(RECORDS PROVIDED begins)
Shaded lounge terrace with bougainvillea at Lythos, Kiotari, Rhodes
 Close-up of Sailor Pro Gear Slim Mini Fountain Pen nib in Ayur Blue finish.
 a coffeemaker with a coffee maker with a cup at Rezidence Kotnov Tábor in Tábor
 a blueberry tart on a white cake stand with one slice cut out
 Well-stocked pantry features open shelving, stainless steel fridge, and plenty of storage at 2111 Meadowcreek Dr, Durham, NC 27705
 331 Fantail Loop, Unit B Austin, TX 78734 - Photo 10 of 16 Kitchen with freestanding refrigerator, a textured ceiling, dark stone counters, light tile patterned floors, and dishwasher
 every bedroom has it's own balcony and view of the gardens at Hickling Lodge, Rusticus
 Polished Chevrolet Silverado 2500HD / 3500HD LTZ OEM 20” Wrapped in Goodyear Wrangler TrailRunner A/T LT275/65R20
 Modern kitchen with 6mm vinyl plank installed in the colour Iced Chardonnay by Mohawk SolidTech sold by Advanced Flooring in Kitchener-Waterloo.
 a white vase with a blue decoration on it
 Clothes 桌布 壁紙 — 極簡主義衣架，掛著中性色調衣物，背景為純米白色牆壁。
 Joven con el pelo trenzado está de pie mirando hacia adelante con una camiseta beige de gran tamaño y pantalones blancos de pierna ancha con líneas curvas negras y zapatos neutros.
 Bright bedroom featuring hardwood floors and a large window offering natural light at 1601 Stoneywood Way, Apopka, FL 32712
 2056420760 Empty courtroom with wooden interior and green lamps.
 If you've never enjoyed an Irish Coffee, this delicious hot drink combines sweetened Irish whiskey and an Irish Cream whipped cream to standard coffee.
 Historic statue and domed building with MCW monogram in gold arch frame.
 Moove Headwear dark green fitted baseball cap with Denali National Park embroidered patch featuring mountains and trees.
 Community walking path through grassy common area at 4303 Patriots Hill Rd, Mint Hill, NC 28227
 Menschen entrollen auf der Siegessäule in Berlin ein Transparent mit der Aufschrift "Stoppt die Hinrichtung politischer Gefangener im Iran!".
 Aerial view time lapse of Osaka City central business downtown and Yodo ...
(RECORDS PROVIDED ends)
The data should be printed again exactly, line for line.

Shaded lounge terrace with bougainvillea at Lythos, Kiotari, Rhodes
 Close-up of Sailor Pro Gear Slim Mini Fountain Pen nib in Ayur Blue finish.
 a coffeemaker with a coffee maker with a cup at Rezidence Kotnov Tábor in Tábor
 a blueberry tart on a white cake stand with one slice cut out
 Well-stocked pantry features open shelving, stainless steel fridge, and plenty of storage at 2111 Meadowcreek Dr, Durham, NC 27705
 331 Fantail Loop, Unit B Austin, TX 78734 - Photo 10 of 16 Kitchen with freestanding refrigerator, a textured ceiling, dark stone counters, light tile patterned floors, and dishwasher
 every bedroom has it's own balcony and view of the gardens at Hickling Lodge, Rusticus
 Polished Chevrolet Silverado 2500HD / 3500HD LTZ OEM 20” Wrapped in Goodyear Wrangler TrailRunner A/T LT275/65R20
 Modern kitchen with 6mm vinyl plank installed in the colour Iced Chardonnay by Mohawk SolidTech sold by Advanced Flooring in Kitchener-Waterloo.
 a white vase with a blue decoration on it
 Clothes 桌布 壁紙 — 極簡主義衣架，掛著中性色調衣物，背景為純米白色牆壁。
 Joven con el pelo trenzado está de pie mirando hacia adelante con una camiseta beige de gran tamaño y pantalones blancos de pierna ancha con líneas curvas negras y zapatos neutros.
 Bright bedroom featuring hardwood floors and a large window offering natural light at 1601 Stoneywood Way, Apopka, FL 32712
 2056420760 Empty courtroom with wooden interior and green lamps.
 If you've never enjoyed an Irish Coffee, this delicious hot drink combines sweetened Irish whiskey and an Irish Cream whipped cream to standard coffee.
 Historic statue and domed building with MCW monogram in gold arch frame.
 Moove Headwear dark green fitted baseball cap with Denali National Park embroidered patch featuring mountains and trees.
 Community walking path through grassy common area at 4303 Patriots Hill Rd, Mint Hill, NC 28227
 Menschen entrollen auf der Siegessäule in Berlin ein Transparent mit der Aufschrift "Stoppt die Hinrichtung politischer Gefangener im Iran!".
 Aerial view time lapse of Osaka City central business downtown and Yodo ...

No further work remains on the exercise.